In the event of a contested election, directors shall be elected by a plurality of the votes cast by the shares present in person or represented by proxy at the meeting and entitled to vote on the election of directors. An election shall be contested if, the number of nominees exceeds the number of directors to be elected at the meeting. Any election that is not contested shall be an uncontested election. In the event of an uncontested election, directors shall be elected by a majority of the votes cast by the shares present in person or represented by proxy at the meeting and entitled to vote on the election of directors.

A majority of votes cast shall mean that the number of votes cast “for” a director’s election exceeds the number of votes cast “against” that director’s election by the shares present in person or represented by proxy at the meeting and entitled to vote on the election of directors (with “abstentions” and “broker non-votes” not counted as a vote cast either “for” or “against” that director’s election). The board shall nominate for election or re-election as director only candidates who tender, prior to the meeting at which they are to be elected or re-elected as director, an irrevocable resignation that will be effective only after the occurrence of both (i) the failure to receive the required vote at such meeting and (ii) Board acceptance of such resignation after such meeting. The Corporate Governance and Nominating Committee of the Board (the “Nominating Committee”) (or a similar committee) will make a recommendation to the Board as to whether to accept or reject the tendered resignation, or whether other action should be taken. The Board will either accept or reject the tendered resignation, taking into account the Nominating Committee’s (or similar committee’s) recommendation, and publicly disclose (by a press release, a filing with the Securities and Exchange Commission or other broadly disseminated means of communication) its decision regarding the tendered resignation within 90 days from the date of the certification of the election results. The Nominating Committee (or similar committee) in making its recommendation, and the Board in making its decision, may each consider any factors or other information that it considers appropriate and relevant. If a director’s resignation is not accepted by the Board, such director will continue to serve until his or her successor is duly elected and qualified, or until his or her earlier death, resignation, retirement or removal in accordance with the Certificate of Incorporation and these Bylaws. If a director’s resignation is accepted by the Board pursuant to this Bylaw, or if a nominee for director is not elected and the nominee is not an incumbent director, then the Board, in its sole discretion, may fill any resulting vacancy pursuant Article II, Section 2.4 of these Bylaws or may decrease the size of the Board pursuant to the provisions of Article II, Section 2.2 of these Bylaws.

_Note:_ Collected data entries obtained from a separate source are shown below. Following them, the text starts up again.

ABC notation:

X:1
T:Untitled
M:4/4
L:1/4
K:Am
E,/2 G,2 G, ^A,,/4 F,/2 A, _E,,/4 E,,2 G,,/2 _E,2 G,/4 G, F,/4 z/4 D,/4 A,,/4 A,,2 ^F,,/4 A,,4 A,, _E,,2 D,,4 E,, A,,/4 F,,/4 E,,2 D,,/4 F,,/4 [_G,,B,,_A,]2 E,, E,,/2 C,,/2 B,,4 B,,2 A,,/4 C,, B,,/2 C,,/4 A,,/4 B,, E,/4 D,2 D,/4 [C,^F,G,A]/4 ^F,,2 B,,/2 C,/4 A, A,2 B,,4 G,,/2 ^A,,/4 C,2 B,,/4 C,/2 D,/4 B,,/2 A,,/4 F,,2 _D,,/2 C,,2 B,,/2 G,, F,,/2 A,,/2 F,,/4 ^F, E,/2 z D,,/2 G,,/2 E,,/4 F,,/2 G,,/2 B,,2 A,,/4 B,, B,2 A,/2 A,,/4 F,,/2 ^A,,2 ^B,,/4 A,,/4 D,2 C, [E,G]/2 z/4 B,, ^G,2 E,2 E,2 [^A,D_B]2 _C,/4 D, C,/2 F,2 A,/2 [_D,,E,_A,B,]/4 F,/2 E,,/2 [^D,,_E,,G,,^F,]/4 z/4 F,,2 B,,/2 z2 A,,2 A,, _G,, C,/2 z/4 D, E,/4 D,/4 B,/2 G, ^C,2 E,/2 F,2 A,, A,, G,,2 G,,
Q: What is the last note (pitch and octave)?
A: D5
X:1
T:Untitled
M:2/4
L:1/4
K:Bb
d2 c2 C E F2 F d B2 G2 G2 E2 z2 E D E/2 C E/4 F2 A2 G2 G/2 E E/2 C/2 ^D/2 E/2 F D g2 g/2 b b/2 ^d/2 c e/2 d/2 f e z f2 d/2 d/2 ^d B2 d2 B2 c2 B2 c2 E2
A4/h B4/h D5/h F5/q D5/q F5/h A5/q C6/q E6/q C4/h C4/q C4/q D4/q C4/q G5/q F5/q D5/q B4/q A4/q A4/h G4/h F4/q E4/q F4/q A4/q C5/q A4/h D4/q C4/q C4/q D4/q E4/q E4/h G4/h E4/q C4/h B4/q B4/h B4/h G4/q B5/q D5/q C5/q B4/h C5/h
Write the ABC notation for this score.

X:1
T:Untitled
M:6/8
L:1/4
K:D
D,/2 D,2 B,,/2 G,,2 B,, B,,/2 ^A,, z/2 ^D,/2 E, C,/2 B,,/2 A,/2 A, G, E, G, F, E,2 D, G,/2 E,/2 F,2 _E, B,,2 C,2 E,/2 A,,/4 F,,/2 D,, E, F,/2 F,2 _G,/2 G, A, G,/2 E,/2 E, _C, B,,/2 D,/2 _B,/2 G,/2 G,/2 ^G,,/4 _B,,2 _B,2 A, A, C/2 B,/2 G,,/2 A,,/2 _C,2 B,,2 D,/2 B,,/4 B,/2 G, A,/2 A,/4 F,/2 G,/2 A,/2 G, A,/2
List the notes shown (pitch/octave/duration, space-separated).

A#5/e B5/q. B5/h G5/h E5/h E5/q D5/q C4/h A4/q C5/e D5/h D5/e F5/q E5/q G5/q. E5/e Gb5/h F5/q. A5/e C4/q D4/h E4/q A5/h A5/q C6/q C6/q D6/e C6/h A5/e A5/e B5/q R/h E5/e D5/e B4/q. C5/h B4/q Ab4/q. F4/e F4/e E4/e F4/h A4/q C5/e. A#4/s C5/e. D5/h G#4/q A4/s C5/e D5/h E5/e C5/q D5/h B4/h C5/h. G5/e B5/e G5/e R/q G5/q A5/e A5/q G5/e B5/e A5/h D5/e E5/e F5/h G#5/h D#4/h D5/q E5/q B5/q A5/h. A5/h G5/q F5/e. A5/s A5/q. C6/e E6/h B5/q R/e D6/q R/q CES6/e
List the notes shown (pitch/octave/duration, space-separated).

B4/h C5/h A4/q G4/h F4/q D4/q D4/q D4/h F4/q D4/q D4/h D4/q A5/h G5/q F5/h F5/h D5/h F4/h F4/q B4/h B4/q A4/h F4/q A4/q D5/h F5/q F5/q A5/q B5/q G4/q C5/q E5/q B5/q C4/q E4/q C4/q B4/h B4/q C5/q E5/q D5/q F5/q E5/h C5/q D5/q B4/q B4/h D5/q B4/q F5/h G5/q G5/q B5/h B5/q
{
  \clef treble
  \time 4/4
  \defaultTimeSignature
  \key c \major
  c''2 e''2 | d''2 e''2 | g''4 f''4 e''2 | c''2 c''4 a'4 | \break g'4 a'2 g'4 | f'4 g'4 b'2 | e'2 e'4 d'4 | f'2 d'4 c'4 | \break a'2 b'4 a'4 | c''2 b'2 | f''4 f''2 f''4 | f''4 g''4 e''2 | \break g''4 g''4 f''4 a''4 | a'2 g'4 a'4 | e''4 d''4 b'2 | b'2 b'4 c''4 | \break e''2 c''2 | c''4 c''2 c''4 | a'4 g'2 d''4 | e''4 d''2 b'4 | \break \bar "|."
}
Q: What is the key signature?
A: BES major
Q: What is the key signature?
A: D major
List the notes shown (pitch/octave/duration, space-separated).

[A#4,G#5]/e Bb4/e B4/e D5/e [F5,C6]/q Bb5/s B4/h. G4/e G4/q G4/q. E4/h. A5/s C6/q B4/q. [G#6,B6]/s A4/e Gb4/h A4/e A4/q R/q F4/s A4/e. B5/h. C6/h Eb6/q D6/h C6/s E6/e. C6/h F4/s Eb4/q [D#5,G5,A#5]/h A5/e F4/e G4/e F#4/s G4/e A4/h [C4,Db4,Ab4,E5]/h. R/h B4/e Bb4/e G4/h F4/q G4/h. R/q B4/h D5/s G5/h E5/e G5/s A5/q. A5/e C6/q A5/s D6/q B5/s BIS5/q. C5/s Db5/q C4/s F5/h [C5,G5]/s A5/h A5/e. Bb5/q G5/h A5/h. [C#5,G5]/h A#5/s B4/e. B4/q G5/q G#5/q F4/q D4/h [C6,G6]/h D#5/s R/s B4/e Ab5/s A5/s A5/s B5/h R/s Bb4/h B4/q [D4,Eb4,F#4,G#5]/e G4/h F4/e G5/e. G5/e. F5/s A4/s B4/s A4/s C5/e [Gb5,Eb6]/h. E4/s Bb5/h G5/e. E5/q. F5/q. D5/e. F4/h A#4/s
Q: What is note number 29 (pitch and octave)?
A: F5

For all matters as to which no other voting requirement is specified by the General Corporation Law of the State of Delaware, as amended (the “DGCL” ), the Certificate of Incorporation, or these Bylaws, the affirmative vote required for stockholder action shall be that of a majority of the shares present in person or represented by proxy at the meeting (as counted for purposes of determining the existence of a quorum at the meeting). In the case of a matter submitted for a vote of the stockholders as to which a stockholder approval requirement is applicable under the stockholder approval policy of the New York Stock Exchange or any other exchange or quotation system on which the capital stock of the Corporation is quoted or traded, the requirements of Rule 16b-3 under the Exchange Act or any provision of the Internal Revenue Code, in each case for which no higher voting requirement is specified by the DGCL, the Certificate of Incorporation or these Bylaws, the vote required for approval shall be the requisite vote specified in such stockholder approval policy, Rule 16b-3 or Internal Revenue Code provision, as the case may be (or the highest such requirement if more than one is applicable). For the approval of the appointment of independent public accountants (if submitted for a vote of the stockholders), the vote required for approval shall be a majority of the votes cast on the matter.”

This amendment to the Bylaws is effective as of November 15, 2017.